■ **Aim of the exercise**:
Scan the records for the word "Mini". Return each line where it is found.

BEGIN Stored data

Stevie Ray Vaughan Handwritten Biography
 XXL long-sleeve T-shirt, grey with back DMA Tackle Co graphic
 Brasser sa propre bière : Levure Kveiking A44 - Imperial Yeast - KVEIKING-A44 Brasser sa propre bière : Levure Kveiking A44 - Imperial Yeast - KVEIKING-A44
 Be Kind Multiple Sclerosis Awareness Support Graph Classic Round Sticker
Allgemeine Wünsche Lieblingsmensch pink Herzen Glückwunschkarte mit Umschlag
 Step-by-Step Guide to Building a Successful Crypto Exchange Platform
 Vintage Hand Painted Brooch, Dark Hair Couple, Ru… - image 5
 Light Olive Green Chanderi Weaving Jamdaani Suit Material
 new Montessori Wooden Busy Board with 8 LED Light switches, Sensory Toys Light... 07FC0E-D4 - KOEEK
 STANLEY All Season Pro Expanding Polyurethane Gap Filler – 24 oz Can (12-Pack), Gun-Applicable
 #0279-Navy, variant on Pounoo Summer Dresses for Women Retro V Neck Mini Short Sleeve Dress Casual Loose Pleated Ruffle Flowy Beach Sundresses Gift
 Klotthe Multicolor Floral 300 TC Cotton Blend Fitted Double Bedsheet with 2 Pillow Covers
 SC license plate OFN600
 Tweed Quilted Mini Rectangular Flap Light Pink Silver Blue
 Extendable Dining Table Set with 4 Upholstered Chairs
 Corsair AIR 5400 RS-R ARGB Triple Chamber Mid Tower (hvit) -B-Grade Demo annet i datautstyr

END Stored data

■ **Answer section**:
 #0279-Navy, variant on Pounoo Summer Dresses for Women Retro V Neck Mini Short Sleeve Dress Casual Loose Pleated Ruffle Flowy Beach Sundresses Gift
 Tweed Quilted Mini Rectangular Flap Light Pink Silver Blue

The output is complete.